(DATA FOR REVIEW Opens)

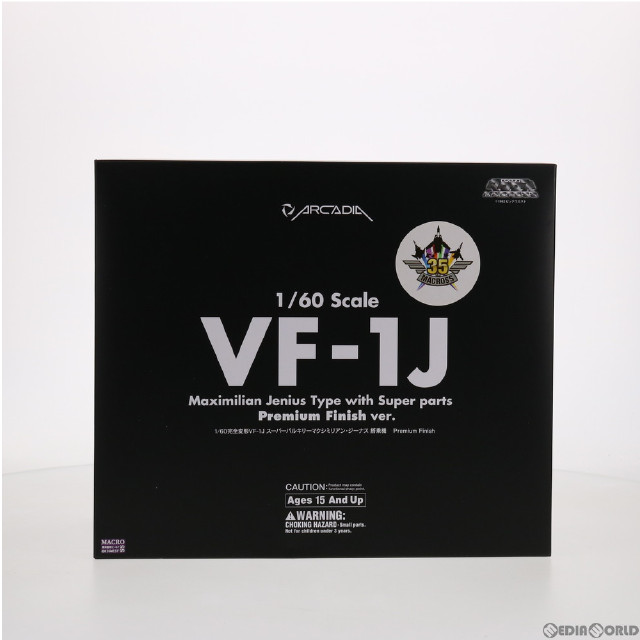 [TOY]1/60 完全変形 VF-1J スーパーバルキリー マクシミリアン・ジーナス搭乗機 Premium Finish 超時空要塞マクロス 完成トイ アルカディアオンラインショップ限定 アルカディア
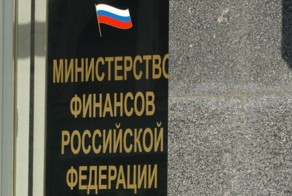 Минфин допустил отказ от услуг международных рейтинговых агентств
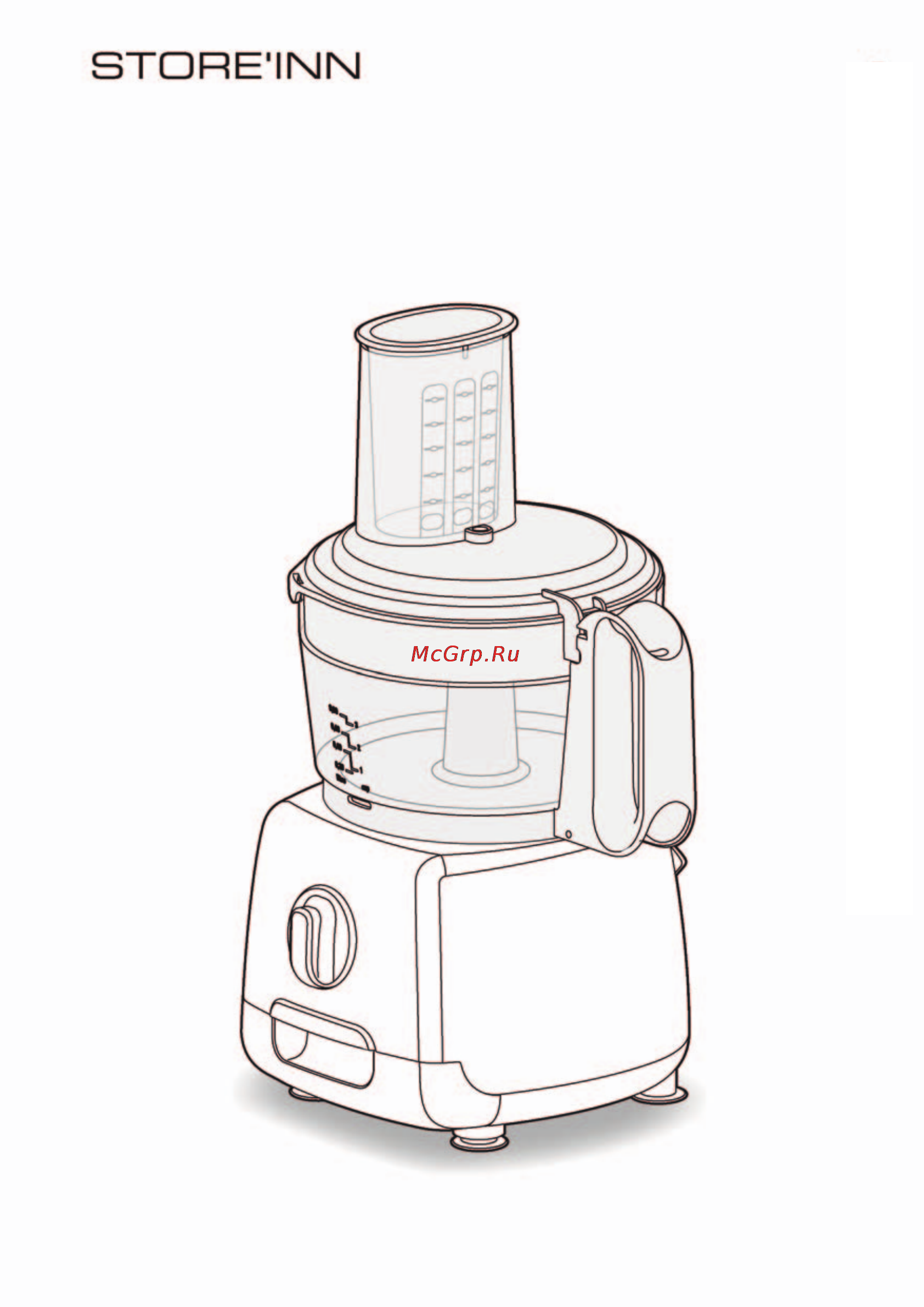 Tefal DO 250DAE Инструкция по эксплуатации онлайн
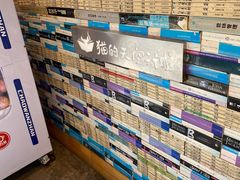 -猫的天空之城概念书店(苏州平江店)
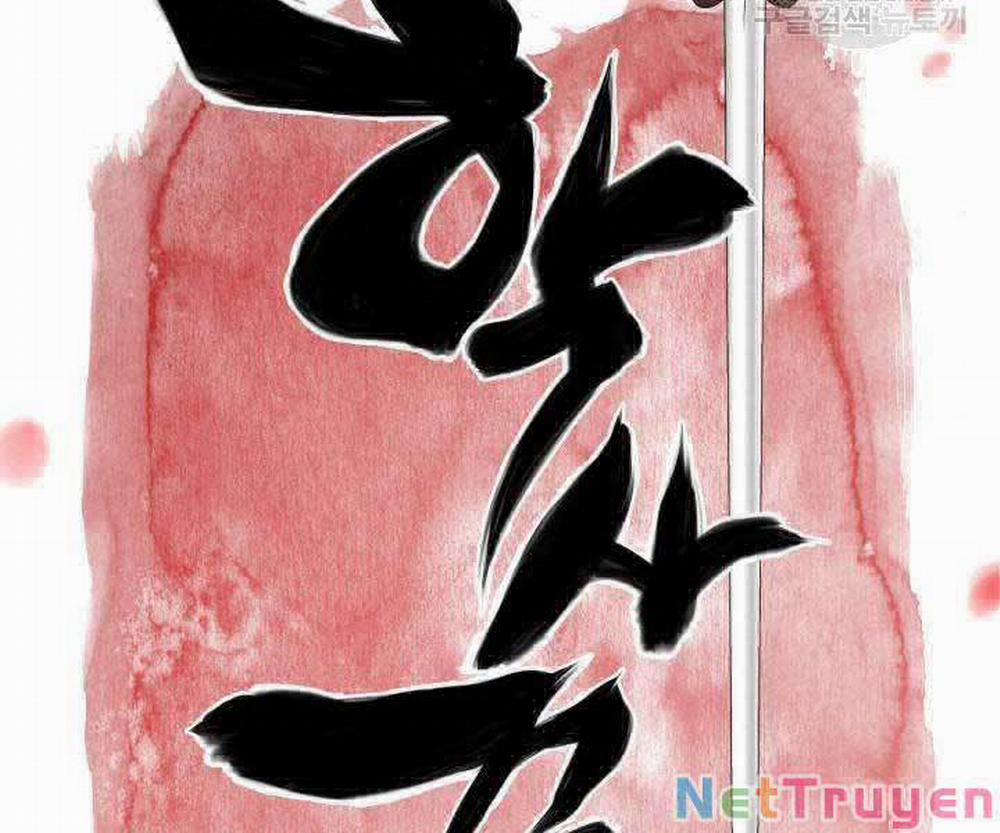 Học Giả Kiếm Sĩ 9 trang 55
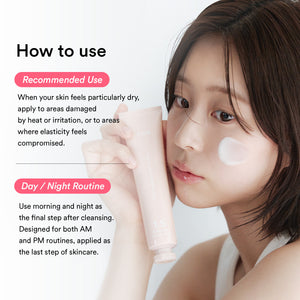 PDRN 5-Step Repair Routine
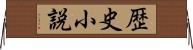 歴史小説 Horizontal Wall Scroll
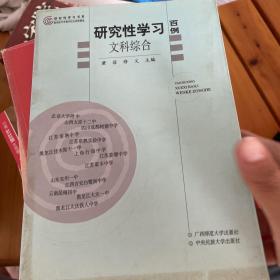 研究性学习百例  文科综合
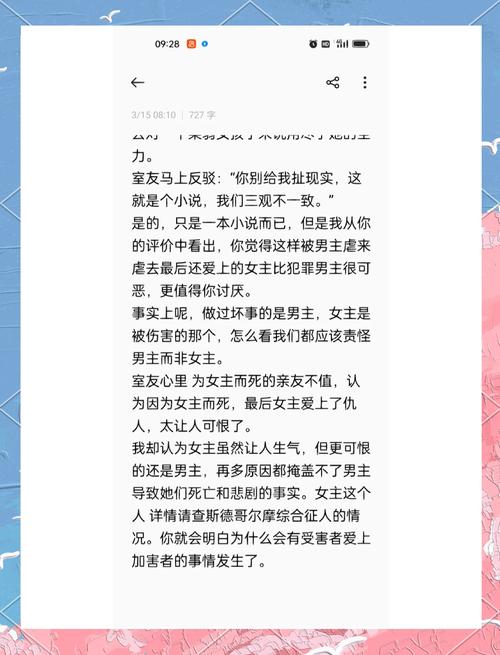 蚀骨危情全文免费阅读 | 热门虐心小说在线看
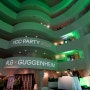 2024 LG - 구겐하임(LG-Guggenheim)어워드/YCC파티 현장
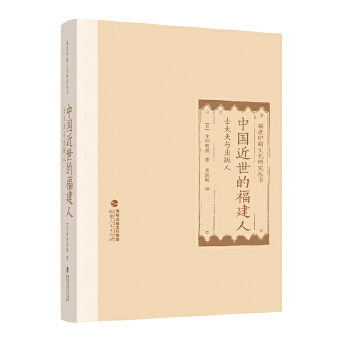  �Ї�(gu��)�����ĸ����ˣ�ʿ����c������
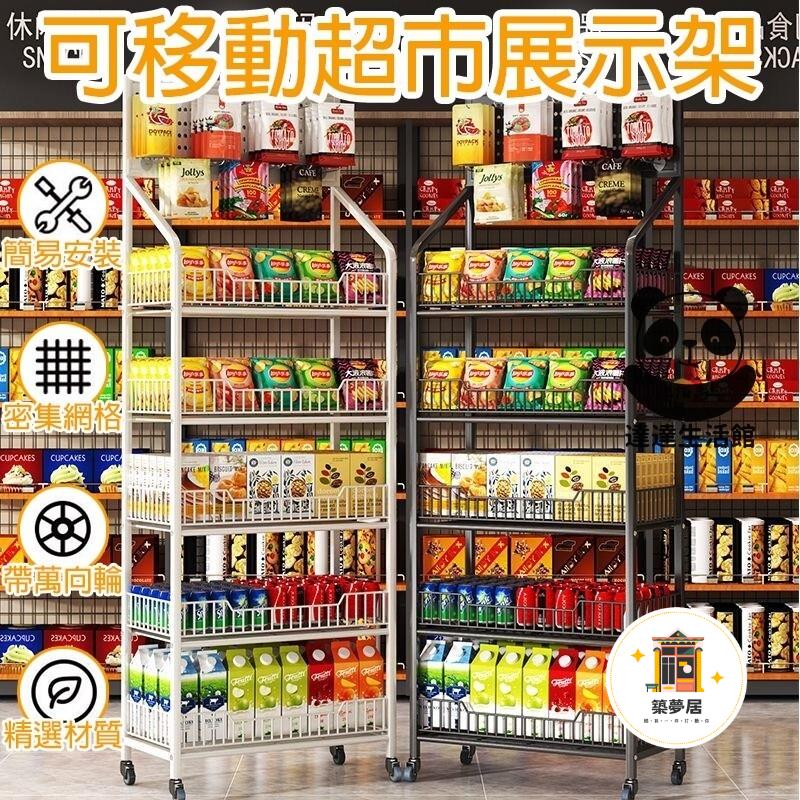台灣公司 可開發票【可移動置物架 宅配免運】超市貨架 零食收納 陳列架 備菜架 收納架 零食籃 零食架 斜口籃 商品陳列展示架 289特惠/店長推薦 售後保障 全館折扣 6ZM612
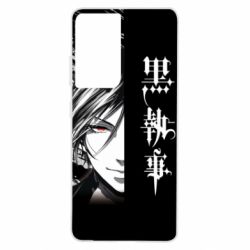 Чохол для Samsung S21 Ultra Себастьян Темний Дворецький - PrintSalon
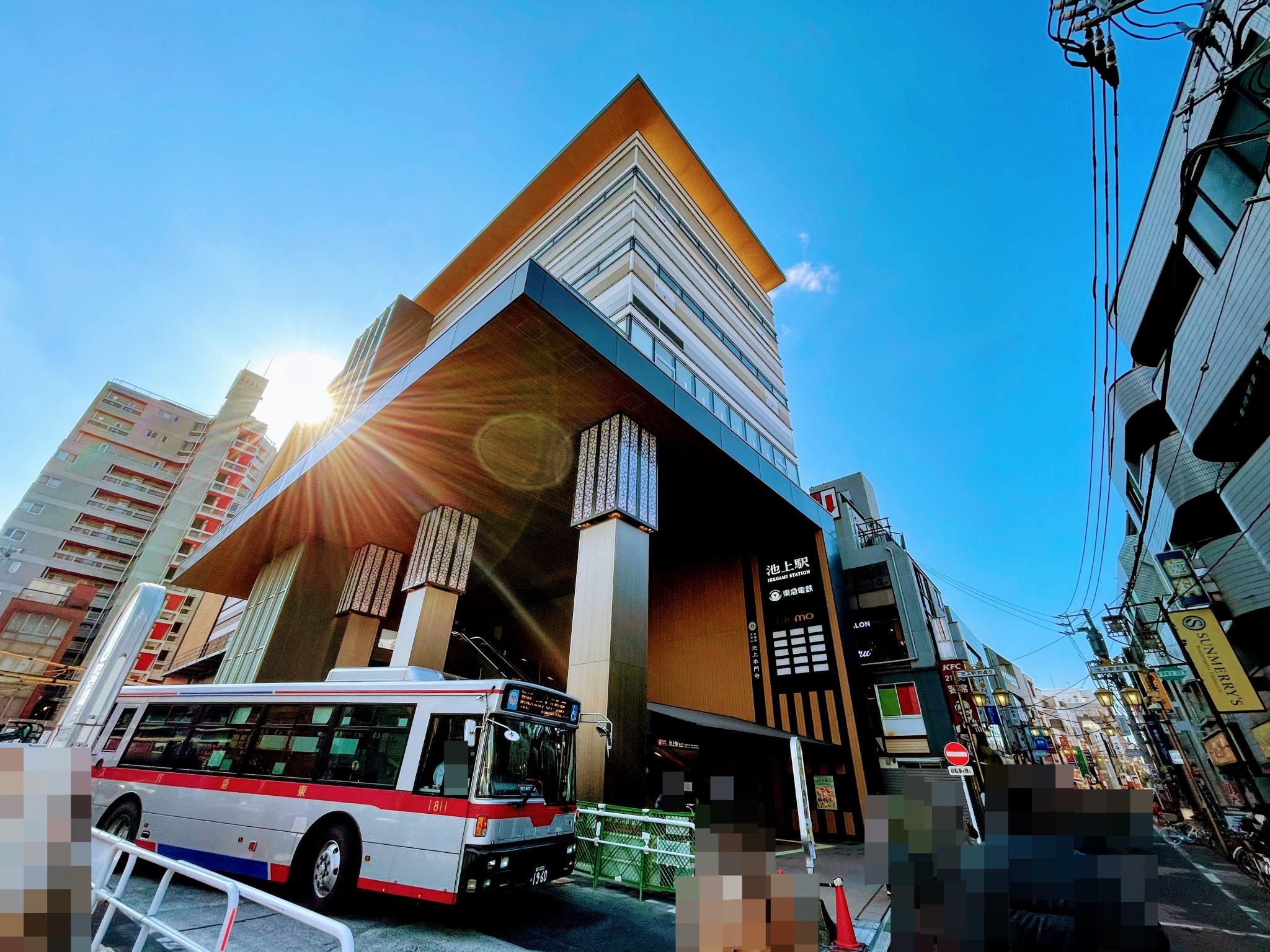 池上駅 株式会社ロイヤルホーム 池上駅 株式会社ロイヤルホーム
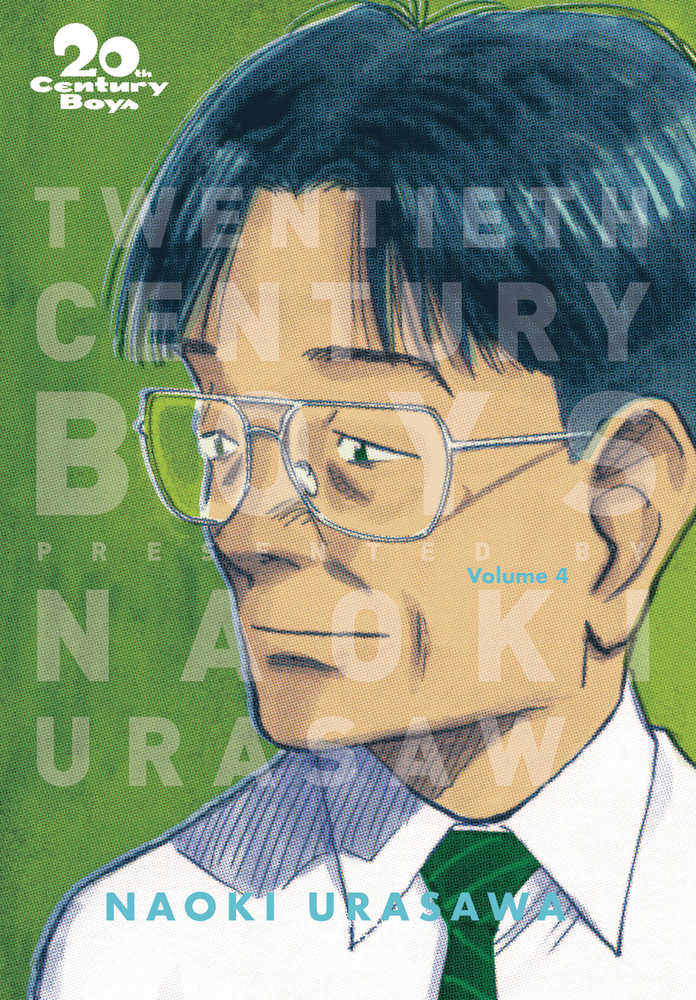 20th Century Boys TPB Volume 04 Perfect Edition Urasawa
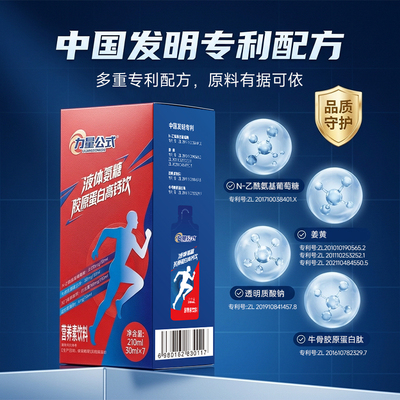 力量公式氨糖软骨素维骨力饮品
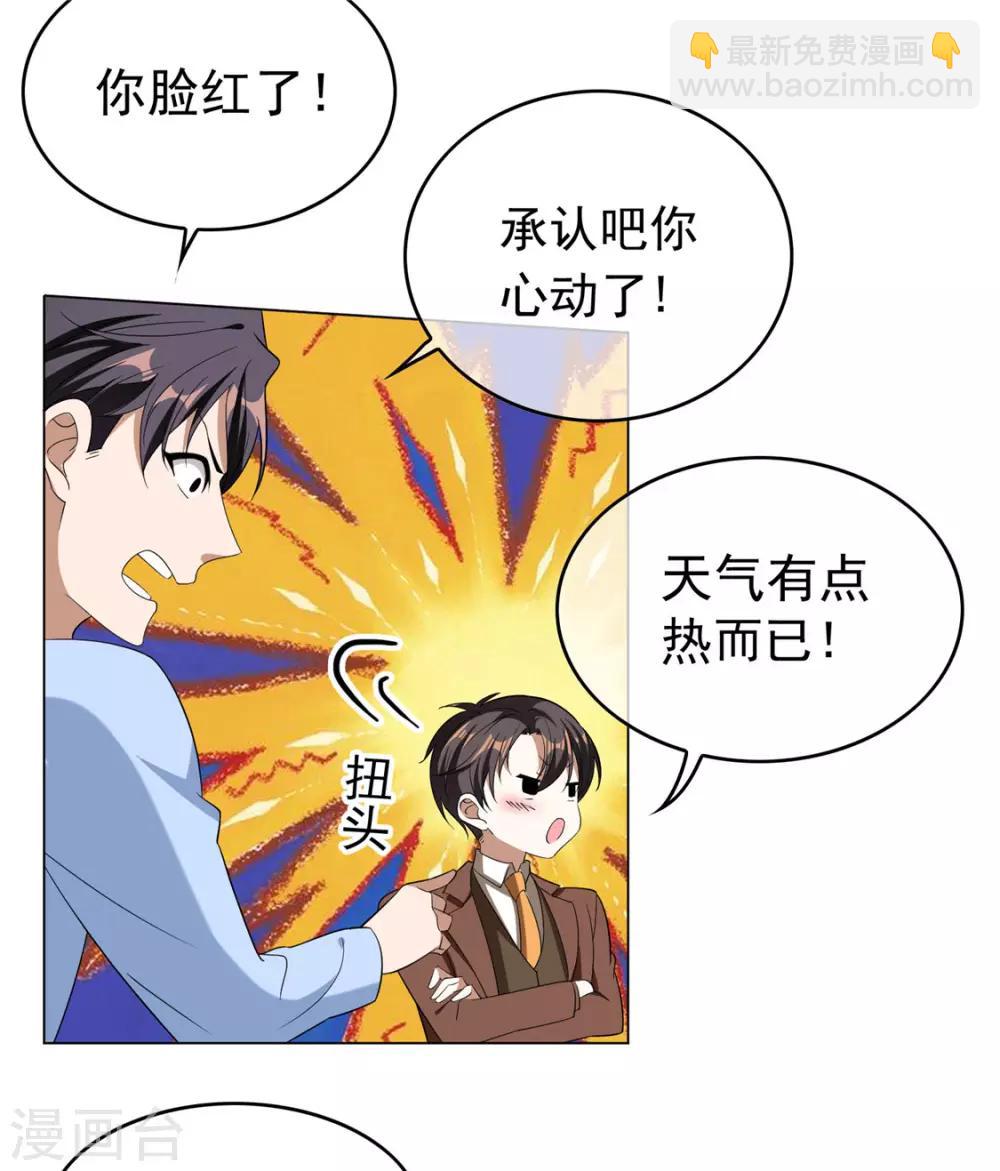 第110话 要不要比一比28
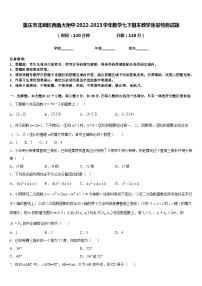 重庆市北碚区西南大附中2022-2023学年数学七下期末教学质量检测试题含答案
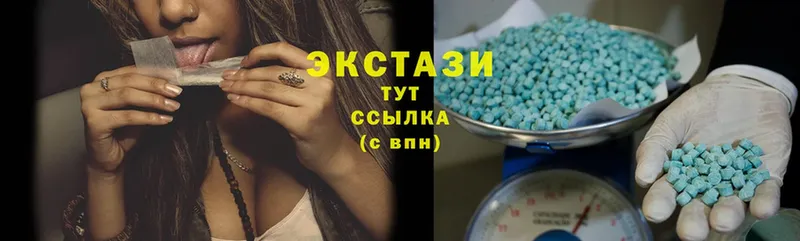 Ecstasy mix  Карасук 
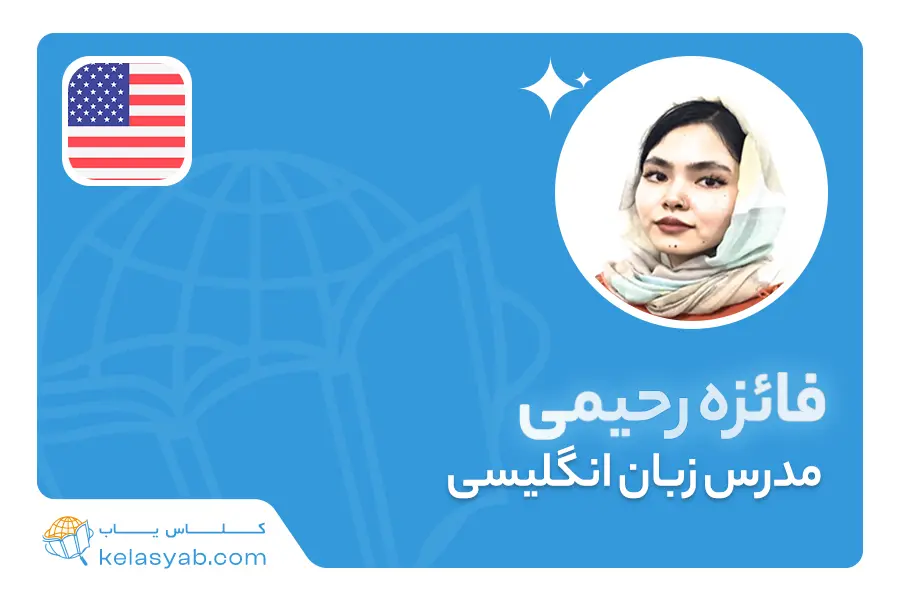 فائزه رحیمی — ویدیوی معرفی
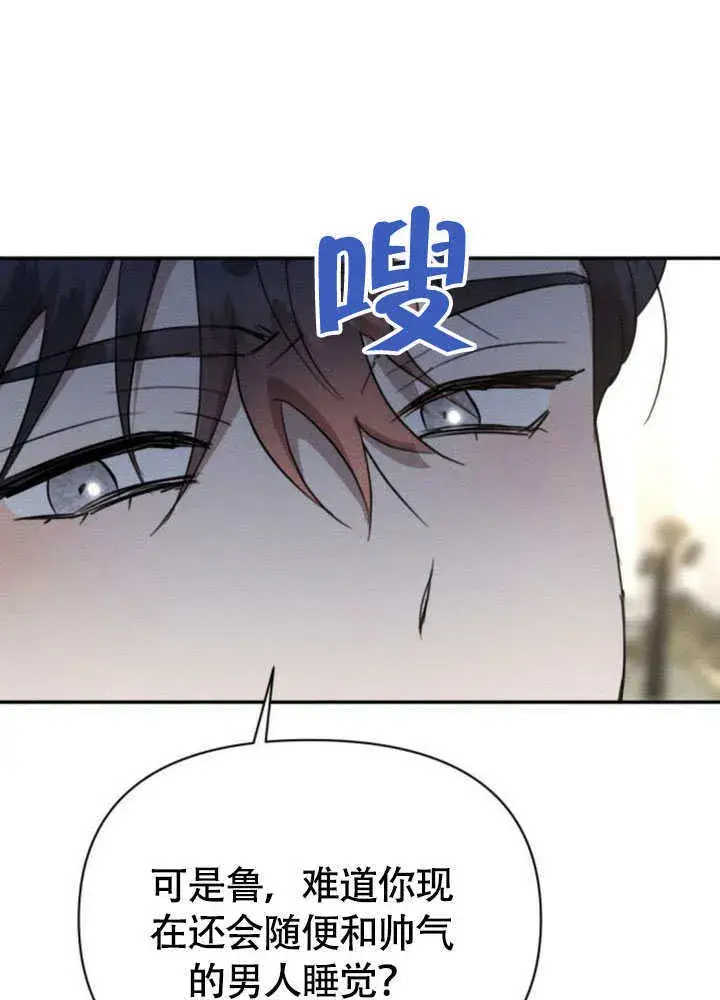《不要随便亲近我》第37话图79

(DATA FOR REVIEW Closes)

TO DO: From the line containing "歴史小説 Horizontal Wall Scroll" to the last line of the entries, copy every line exactly, including both ends, and leave out the pictures.

TASK RESULT:
 歴史小説 Horizontal Wall Scroll
 研究性学习百例  文科综合
 蚀骨危情全文免费阅读 | 热门虐心小说在线看
 2024 LG - 구겐하임(LG-Guggenheim)어워드/YCC파티 현장
  �Ї�(gu��)�����ĸ����ˣ�ʿ����c������
台灣公司 可開發票【可移動置物架 宅配免運】超市貨架 零食收納 陳列架 備菜架 收納架 零食籃 零食架 斜口籃 商品陳列展示架 289特惠/店長推薦 售後保障 全館折扣 6ZM612
 Чохол для Samsung S21 Ultra Себастьян Темний Дворецький - PrintSalon
 池上駅 株式会社ロイヤルホーム 池上駅 株式会社ロイヤルホーム
 20th Century Boys TPB Volume 04 Perfect Edition Urasawa
 力量公式氨糖软骨素维骨力饮品
 第110话 要不要比一比28
 重庆市北碚区西南大附中2022-2023学年数学七下期末教学质量检测试题含答案
 Ecstasy mix  Карасук 
 فائزه رحیمی — ویدیوی معرفی
《不要随便亲近我》第37话图79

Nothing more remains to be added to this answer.